Keen had been skulking in the hall when Don had finally made it home, receiving wary glances from Nana Polega as she took her elderly Pomeranian for its usual late night shuffle. Honestly, when he'd impulsively invited Keen to come by, Don hadn't anticipated it would be at midnight, after he'd pulled eighteen hours on security for one of Reddington's mysterious CIs.

In hindsight, and given both Keens had made a career of disrupting his life, that had probably been optimistic.

"Say it again. Little slower this time." Don draped his jacket over the back of his couch and loosened his tie as he headed towards the refrigerator. "'Agent Ressler, I what your what?'"

Keen propped himself against the kitchen diner. "I need your …" His mouth twisted shut and he shook his head, straightening again. "No, you know what - forget about it. Should have just gone to Reddington. Or Liz."

Don had been about to offer him a beer; he abruptly changed his mind. "You know where the door is," he said, helpfully pointing that way.

"McCready's still got a bounty on me," Keen ground out after an obvious moment of internal debate. "I've been on borrowed time since I came back. The cameras you set up outside the courthouse probably clipped me - there's at least one hitter in the city right now. That's on you," he concluded. "You owe me."

"I really don't." Don twisted the cap off his bottle, then clocked the stiffness in Keen's posture. "They make a try?"

"Not seriously, she was just proving a point. With a knife." Keen looked more embarrassed than injured. "Me and Gina go back."

"Gina… Gina Zanetakos?" Don carefully put the bottle on the counter before he broke it - either in his own hand or over Keen's head, could go either way. "The picture wasn't a plant, was it? You did assassinate-"

"I'm just saying," Keen interrupted, "that with Gina, it's complicated."

"Facebook, 'It's complicated' or agent-of-a-foreign-power, 'it's complicated?'"

"She thinks if Bud gets what he wants, he might call off the hit."

"What he wants is you dead," Don pointed out, then picked up his beer again and headed for the couch. If he couldn't have a little peace and quiet, he could at least be comfortable.

"That's what I thought," Keen agreed, and trailed after him. "But then I realized there's one thing he wants more: Reddington."

Don dropped onto the couch. "Even if there was a world where that would happen, if you think handing over Reddington would be the way to convince Liz to-"

"Not like that." Keen dragged the ottoman opposite the couch and sat, leaning forward intently as he made his pitch. "Bud lost face and a lot of money - Reddington did that."

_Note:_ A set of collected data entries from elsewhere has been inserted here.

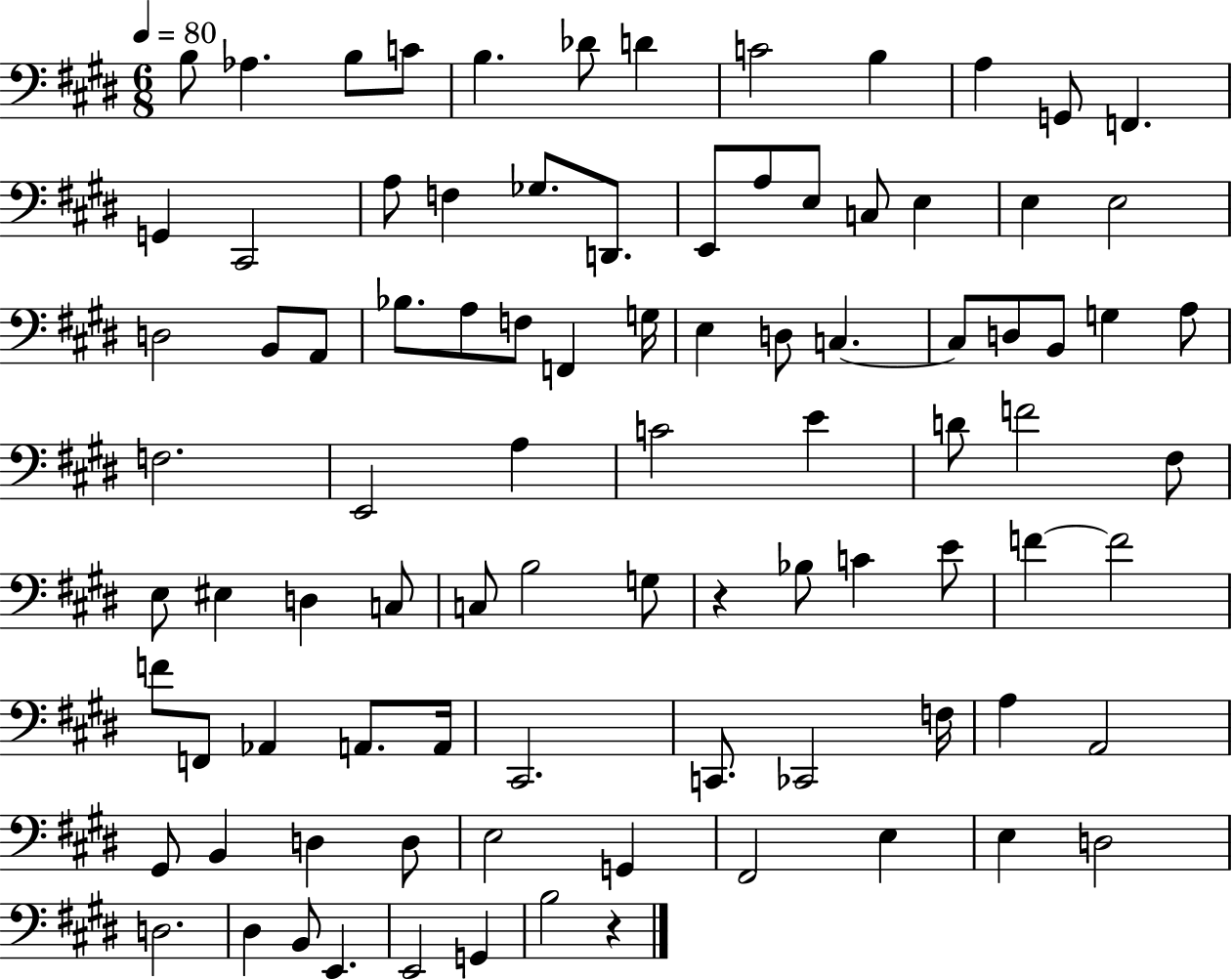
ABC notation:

X:1
T:Untitled
M:6/8
L:1/4
K:E
B,/2 _A, B,/2 C/2 B, _D/2 D C2 B, A, G,,/2 F,, G,, ^C,,2 A,/2 F, _G,/2 D,,/2 E,,/2 A,/2 E,/2 C,/2 E, E, E,2 D,2 B,,/2 A,,/2 _B,/2 A,/2 F,/2 F,, G,/4 E, D,/2 C, C,/2 D,/2 B,,/2 G, A,/2 F,2 E,,2 A, C2 E D/2 F2 ^F,/2 E,/2 ^E, D, C,/2 C,/2 B,2 G,/2 z _B,/2 C E/2 F F2 F/2 F,,/2 _A,, A,,/2 A,,/4 ^C,,2 C,,/2 _C,,2 F,/4 A, A,,2 ^G,,/2 B,, D, D,/2 E,2 G,, ^F,,2 E, E, D,2 D,2 ^D, B,,/2 E,, E,,2 G,, B,2 z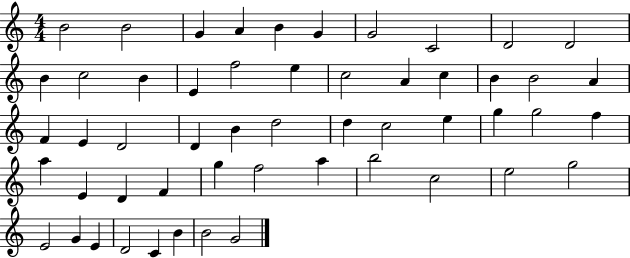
X:1
T:Untitled
M:4/4
L:1/4
K:C
B2 B2 G A B G G2 C2 D2 D2 B c2 B E f2 e c2 A c B B2 A F E D2 D B d2 d c2 e g g2 f a E D F g f2 a b2 c2 e2 g2 E2 G E D2 C B B2 G2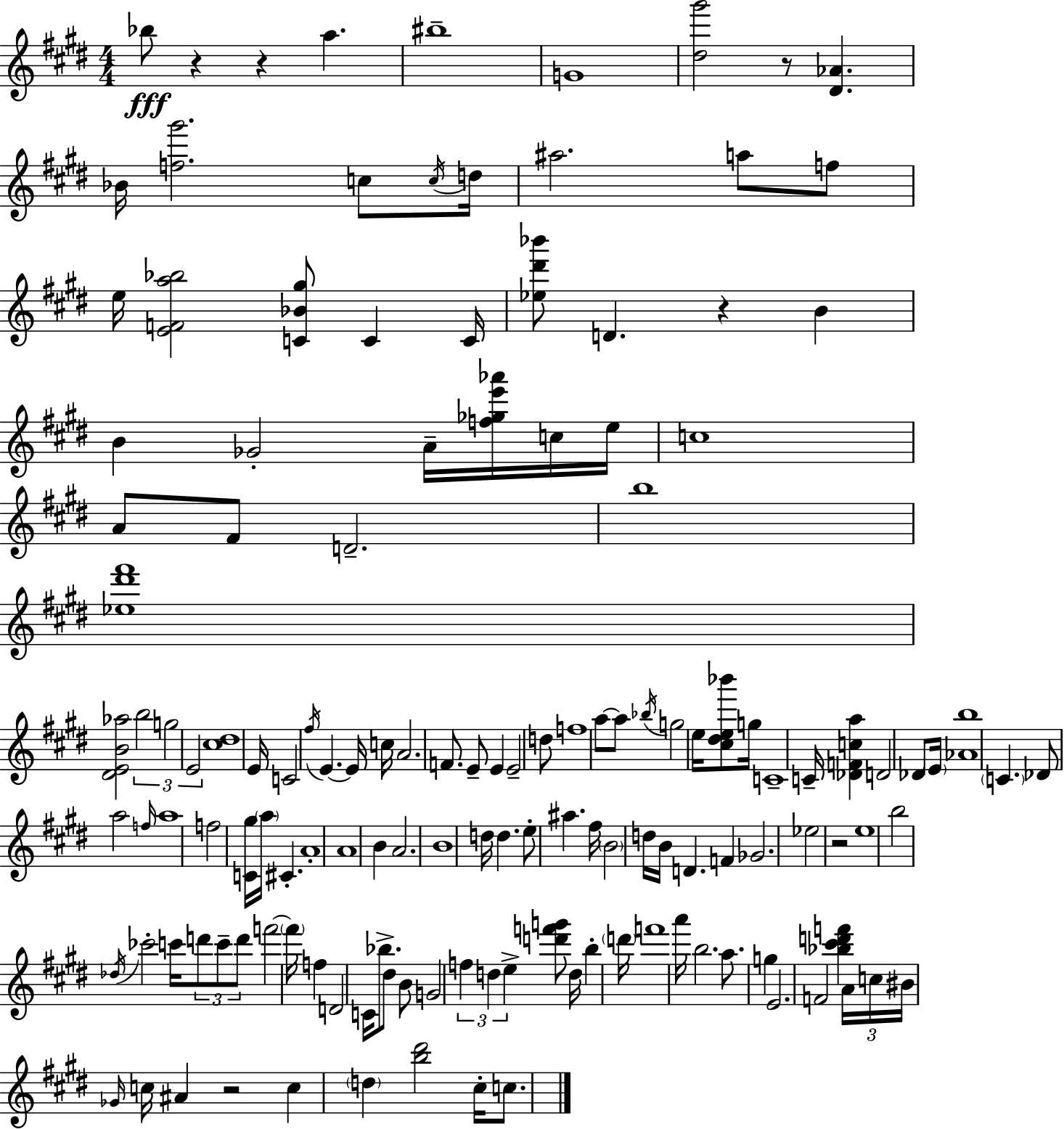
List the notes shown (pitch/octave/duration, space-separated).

Bb5/e R/q R/q A5/q. BIS5/w G4/w [D#5,G#6]/h R/e [D#4,Ab4]/q. Bb4/s [F5,G#6]/h. C5/e C5/s D5/s A#5/h. A5/e F5/e E5/s [E4,F4,A5,Bb5]/h [C4,Bb4,G#5]/e C4/q C4/s [Eb5,D#6,Bb6]/e D4/q. R/q B4/q B4/q Gb4/h A4/s [F5,Gb5,E6,Ab6]/s C5/s E5/s C5/w A4/e F#4/e D4/h. B5/w [Eb5,D#6,F#6]/w [D#4,E4,B4,Ab5]/h B5/h G5/h E4/h [C#5,D#5]/w E4/s C4/h F#5/s E4/q. E4/s C5/s A4/h. F4/e. E4/e E4/q E4/h D5/e F5/w A5/e A5/e Bb5/s G5/h E5/s [C#5,D#5,E5,Bb6]/e G5/s C4/w C4/s [Db4,F4,C5,A5]/q D4/h Db4/e E4/s [Ab4,B5]/w C4/q. Db4/e A5/h F5/s A5/w F5/h [C4,G#5]/s A5/s C#4/q. A4/w A4/w B4/q A4/h. B4/w D5/s D5/q. E5/e A#5/q. F#5/s B4/h D5/s B4/s D4/q. F4/q Gb4/h. Eb5/h R/h E5/w B5/h Db5/s CES6/h C6/s D6/e C6/e D6/e F6/h F6/s F5/q D4/h C4/s Bb5/e. D#5/e B4/e G4/h F5/q D5/q E5/q [D6,F6,G6]/e D5/s B5/q D6/s F6/w A6/s B5/h. A5/e. G5/q E4/h. F4/h [Bb5,C#6,D6,F6]/q A4/s C5/s BIS4/s Gb4/s C5/s A#4/q R/h C5/q D5/q [B5,D#6]/h C#5/s C5/e.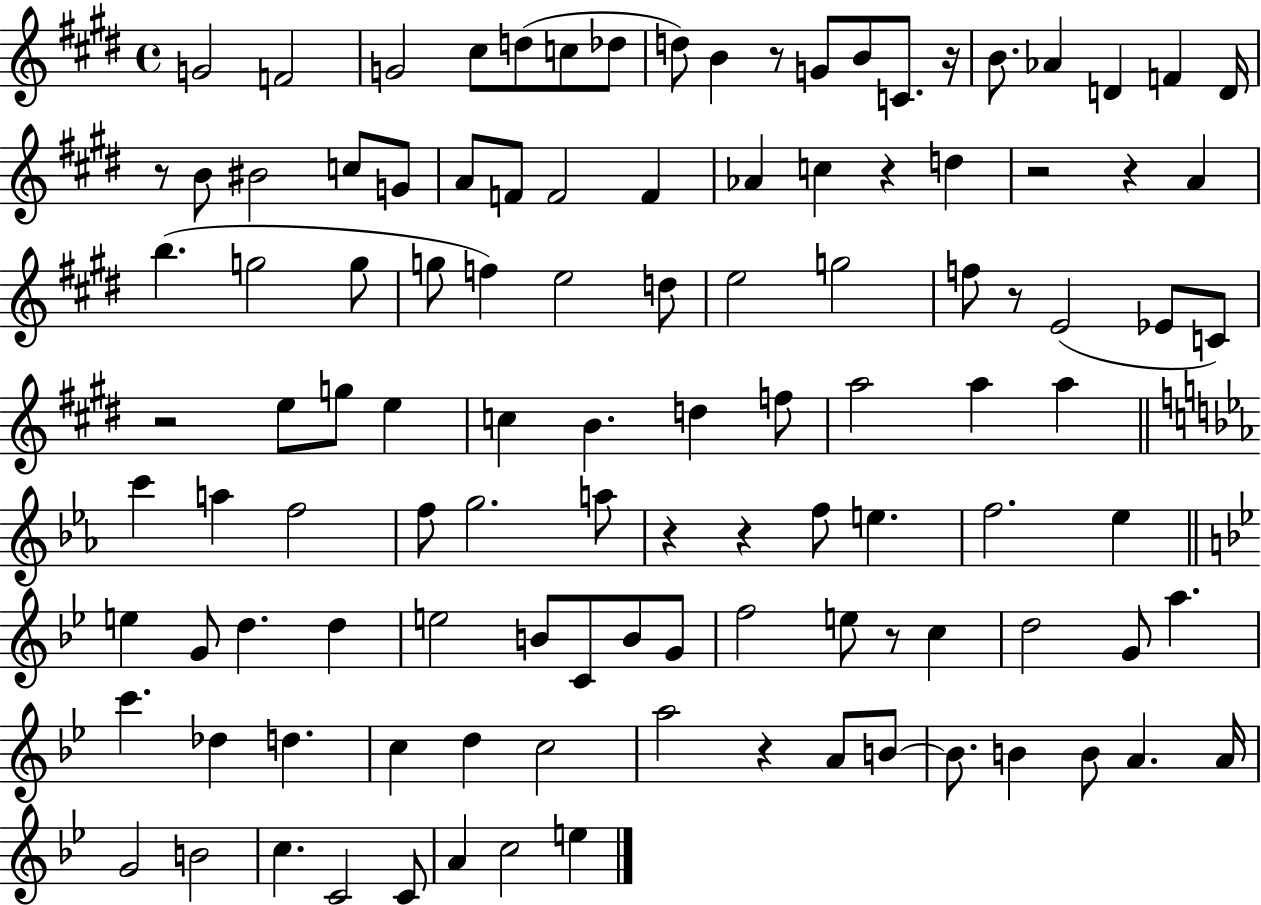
{
  \clef treble
  \time 4/4
  \defaultTimeSignature
  \key e \major
  g'2 f'2 | g'2 cis''8 d''8( c''8 des''8 | d''8) b'4 r8 g'8 b'8 c'8. r16 | b'8. aes'4 d'4 f'4 d'16 | \break r8 b'8 bis'2 c''8 g'8 | a'8 f'8 f'2 f'4 | aes'4 c''4 r4 d''4 | r2 r4 a'4 | \break b''4.( g''2 g''8 | g''8 f''4) e''2 d''8 | e''2 g''2 | f''8 r8 e'2( ees'8 c'8) | \break r2 e''8 g''8 e''4 | c''4 b'4. d''4 f''8 | a''2 a''4 a''4 | \bar "||" \break \key ees \major c'''4 a''4 f''2 | f''8 g''2. a''8 | r4 r4 f''8 e''4. | f''2. ees''4 | \break \bar "||" \break \key bes \major e''4 g'8 d''4. d''4 | e''2 b'8 c'8 b'8 g'8 | f''2 e''8 r8 c''4 | d''2 g'8 a''4. | \break c'''4. des''4 d''4. | c''4 d''4 c''2 | a''2 r4 a'8 b'8~~ | b'8. b'4 b'8 a'4. a'16 | \break g'2 b'2 | c''4. c'2 c'8 | a'4 c''2 e''4 | \bar "|."
}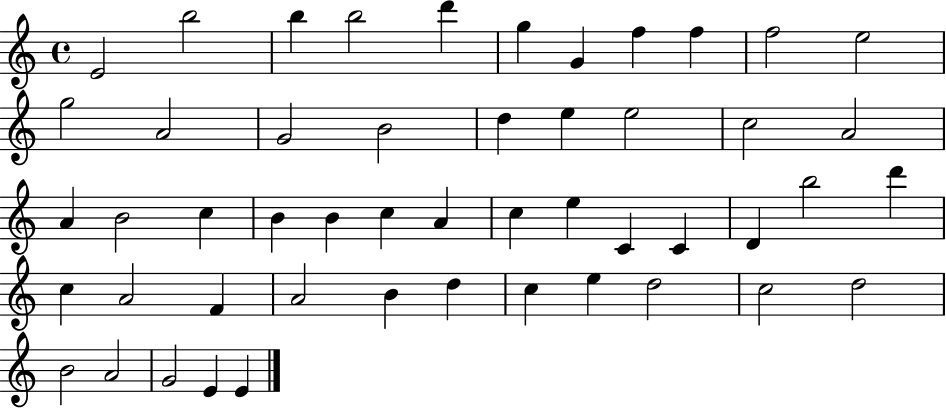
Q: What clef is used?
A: treble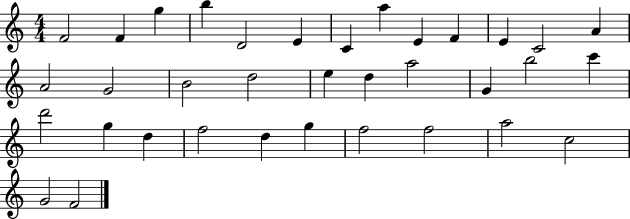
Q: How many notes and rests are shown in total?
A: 35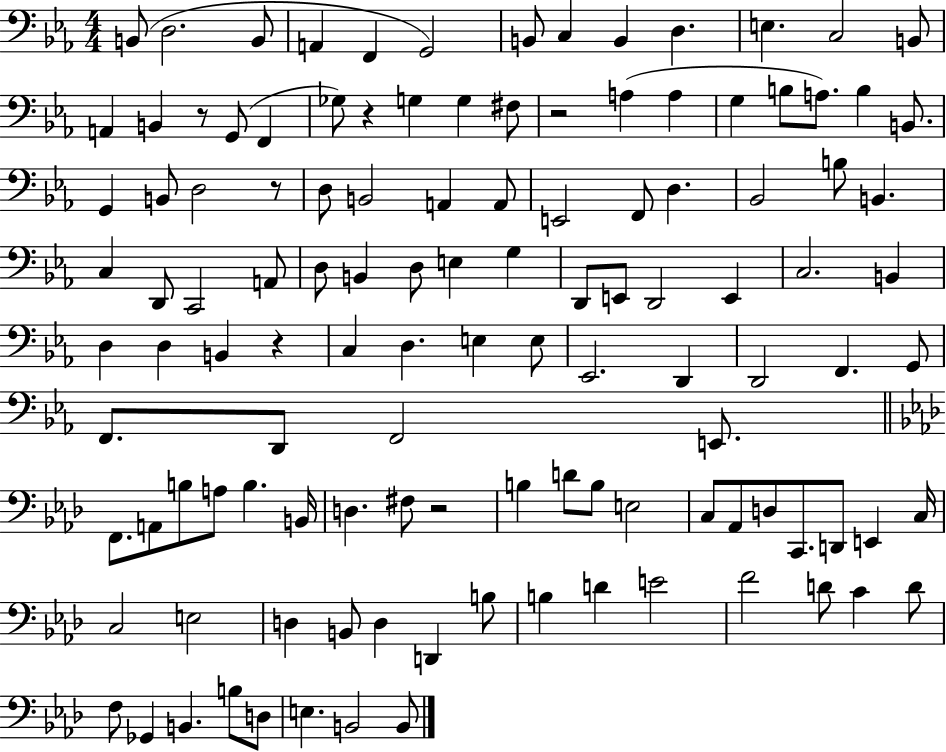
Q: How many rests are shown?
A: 6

"At some point, we're going to have a long talk about personal responsibility and accepting the consequences of our actions."

"Whatever. The point is, Bud will take his pound of flesh from of me, because I'm all he can get. What he wants is his operation back. Reddington can make that happen."

The depressing thing, on several levels, was that Keen was probably right. "Sounds like you have it all planned out. So why come to me?"

"Reddington likes you."

Don raised an eyebrow.

"He respects you," Keen clarified. "He wants to believe there are genuinely good people out there. That's why he destruct tests anyone who claims to have a moral compass. As far as I know, boy scout, you never failed. He'll at least listen to you, I wouldn't even get my foot in the door."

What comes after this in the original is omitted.